Various reasons can lead to vulnerabilities in software and digital services, including design errors, software flaws, weak passwords, incorrect configurations, and security attacks. It is crucial to identify these vulnerabilities to ensure the security of information systems. There are different categories of vulnerabilities that can be classified based on the type of modern information systems. Let's discuss these vulnerabilities in greater detail. For our method, we have identified only a few target vulnerabilities that we aim to detect:
1. SQL injection is a vulnerability that allows attackers to insert or "inject" arbitrary SQL code into a query executed by the database [4]. This can lead to unauthorized access to data, its deletion, modification, or execution of operations for which the attacker does not have permission.

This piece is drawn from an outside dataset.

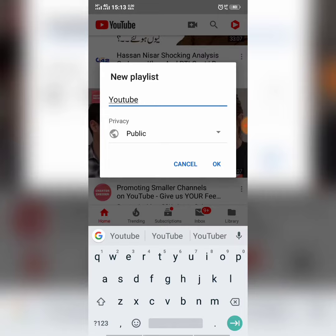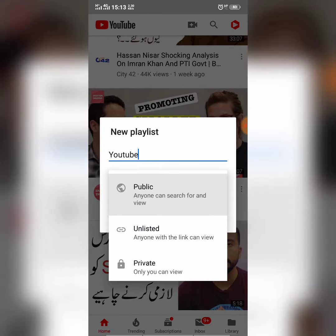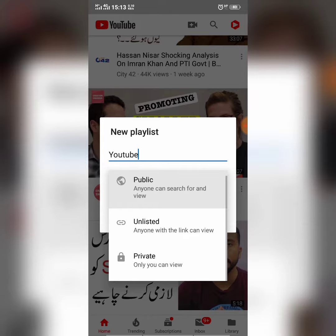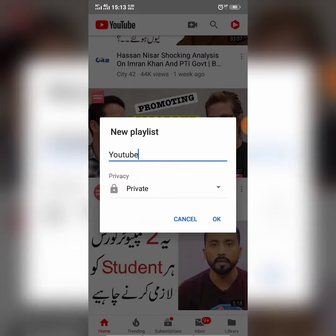This playlist will contain videos regarding YouTube. Then you will have to make a setting — you will have to select whether you want to make this playlist public, so that all people can see it, private so that only you can watch it, or unlisted, which means it will not be fully private but also not fully public. I will make it private.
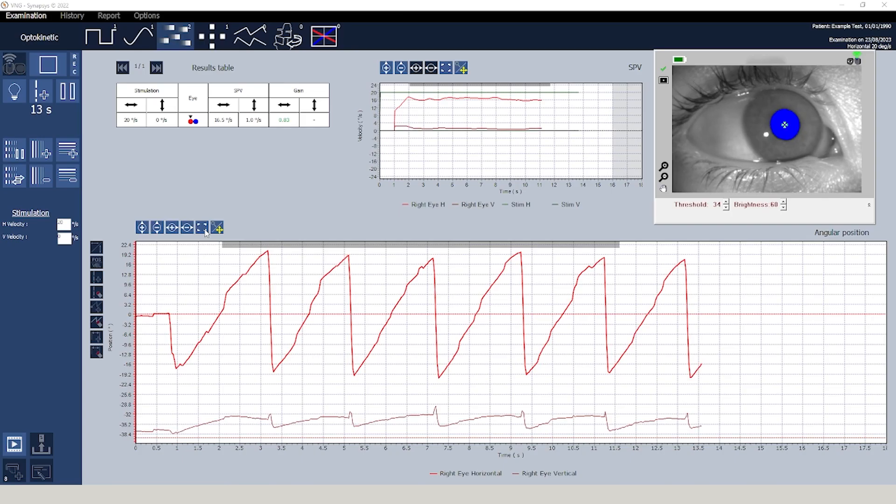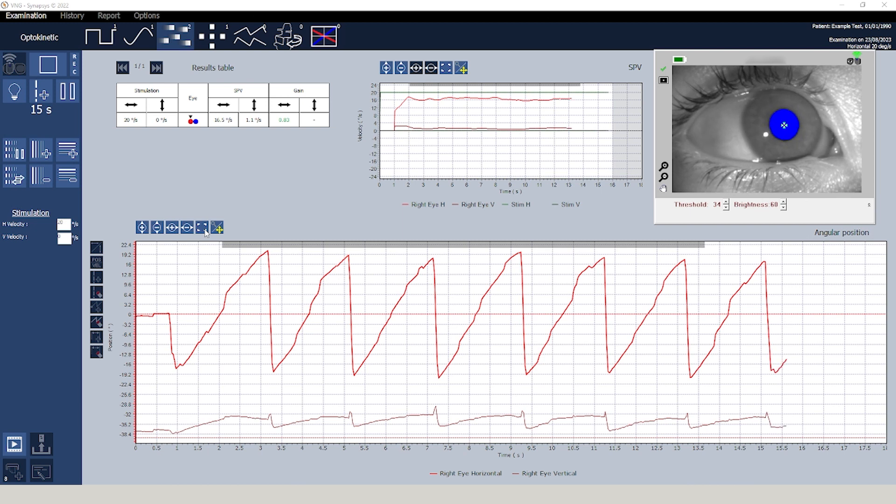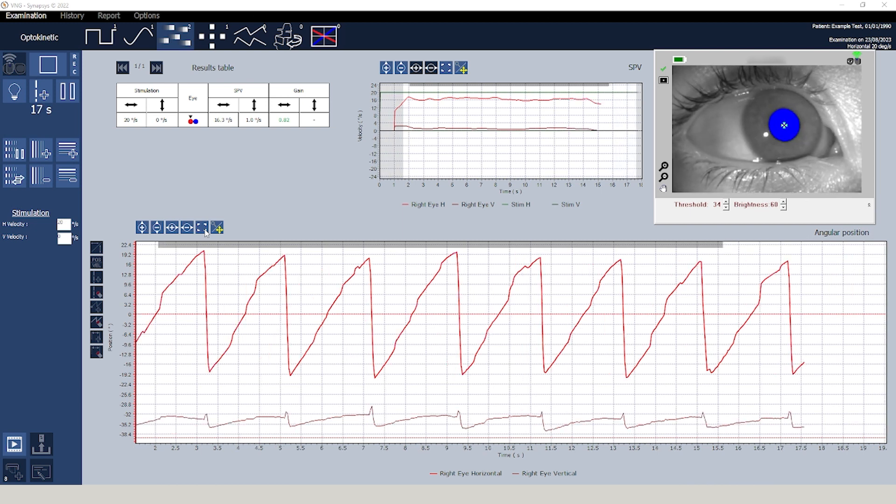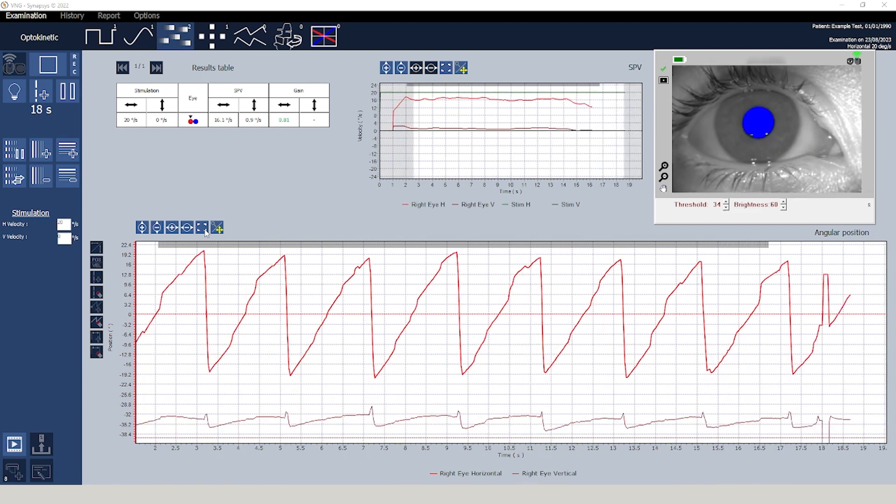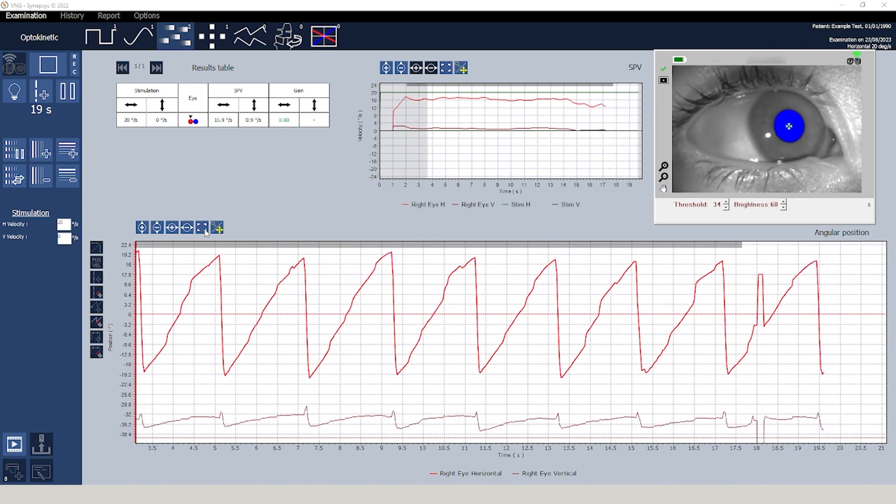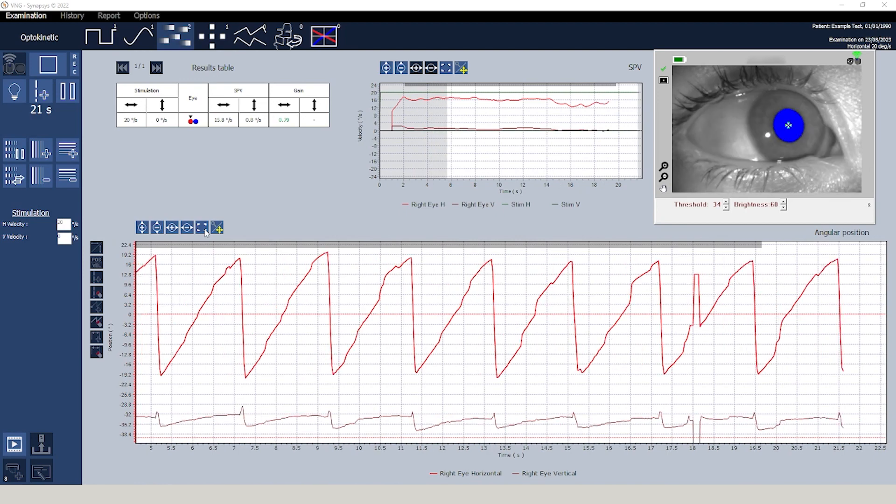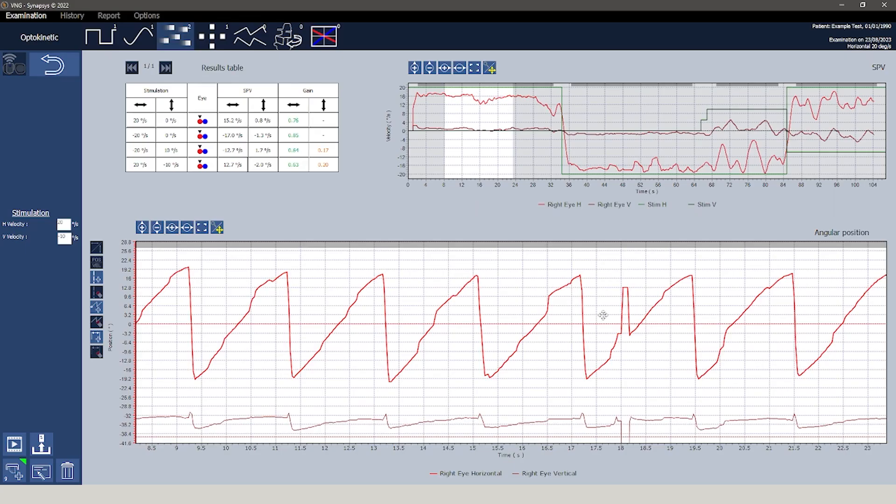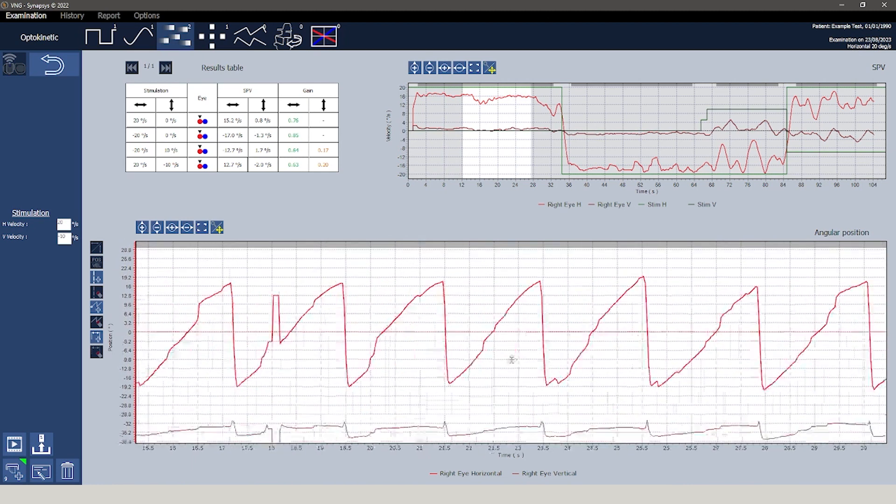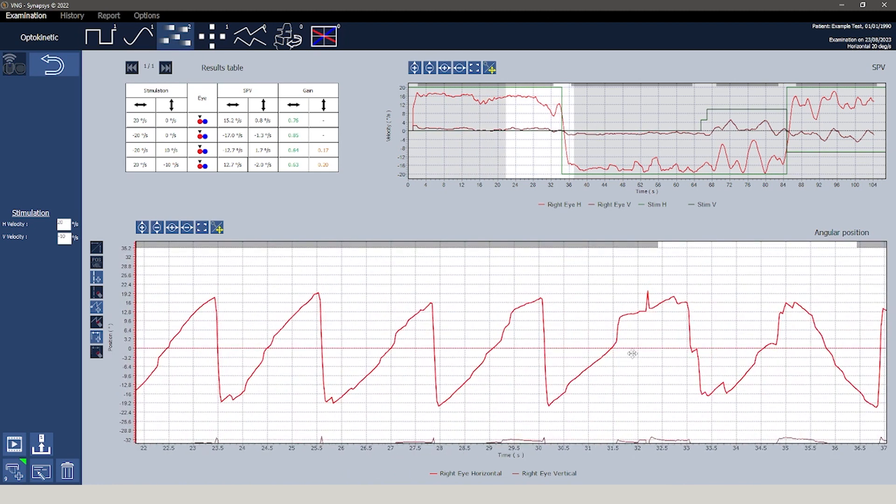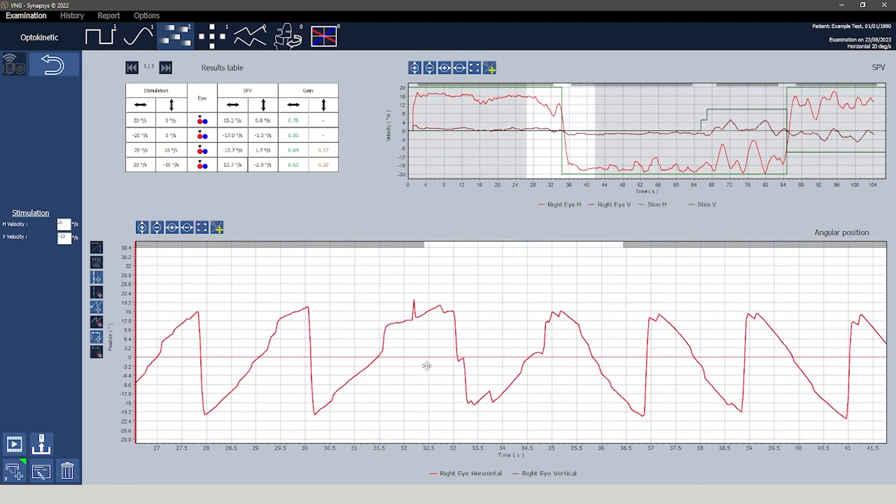The angular position graph at the bottom presents a detailed visualization of ocular movements relative to the target's movement. In the upper right corner a graph illustrating the slow phase velocity for both eyes and directions is displayed.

Common attacks: Obtaining a list of users or extracting data from other tables using login form injection and Deleting tables or databases by injecting malicious commands into text fields of web forms. Today, the methods of combating them are:
• Using parameterized queries (also known as prepared expressions), which effectively separates the SQL code from the input data, preventing it from being interpreted as part of an SQL command. • Input data sanitization: Validating and sanitizing input data to remove or escape potentially harmful characters. • Using ORM (Object-Relational Mapping) libraries: These libraries often automatically apply parameterized queries and other secure data access practices. 2. Cross-Site Scripting (XSS) is a vulnerability that occurs when an attacker can inject a malicious script into a web page, which is then executed by other users. This can happen if a web application accepts input (for example, through URL parameters, forms, or cookies) and displays it improperly on the page without escaping or sanitizing it. XSS can be used to steal cookies, and session tokens, intercept personal data, and change the appearance of a web page [5]. The most common attack variant: injection through the URL parameter <script>alert('XSS');</script>, which displays a pop-up window for each user visiting the compromised page, or injection of JavaScript code that steals the user's cookies, through comments on the forum or in reviews. The following methods are used for prevention:
• Output Escaping: Ensure that any input-output to the page is properly escaped so that it is output as plain text and not as executable code.
• Using Content Security Policy (CSP): CSP allows websites to determine from which sources scripts can be executed, which helps prevent malicious scripts from being executed. • Inbound Sanitation: Proactively inspect and sanitize inbound data to remove or block malicious code before it is processed or output. 3. Buffer overflow is a vulnerability that occurs when a program writes data to a buffer outside its limits. This can overwrite adjacent data or executable code, allowing attackers to execute malicious code [6]. 4. Unsafe Deserialization -is a vulnerability that occurs when untrusted data is deserialized without proper validation or processing. This can lead to malicious code execution, application logic attacks, or data leakage [7]. 5. Use of components with known vulnerabilities [8]: -Many programs include thirdparty components that may contain vulnerabilities. Using such components without updating to secure versions puts the security of the entire system at risk. 6. Insecure session management is a vulnerability in session management that can allow attackers to intercept or spoof session IDs, thereby gaining access to someone else's accounts[9]. 7. Security Misconfiguration -Improper security settings can include leaving default settings, misconfiguring security headers, or weak password policies.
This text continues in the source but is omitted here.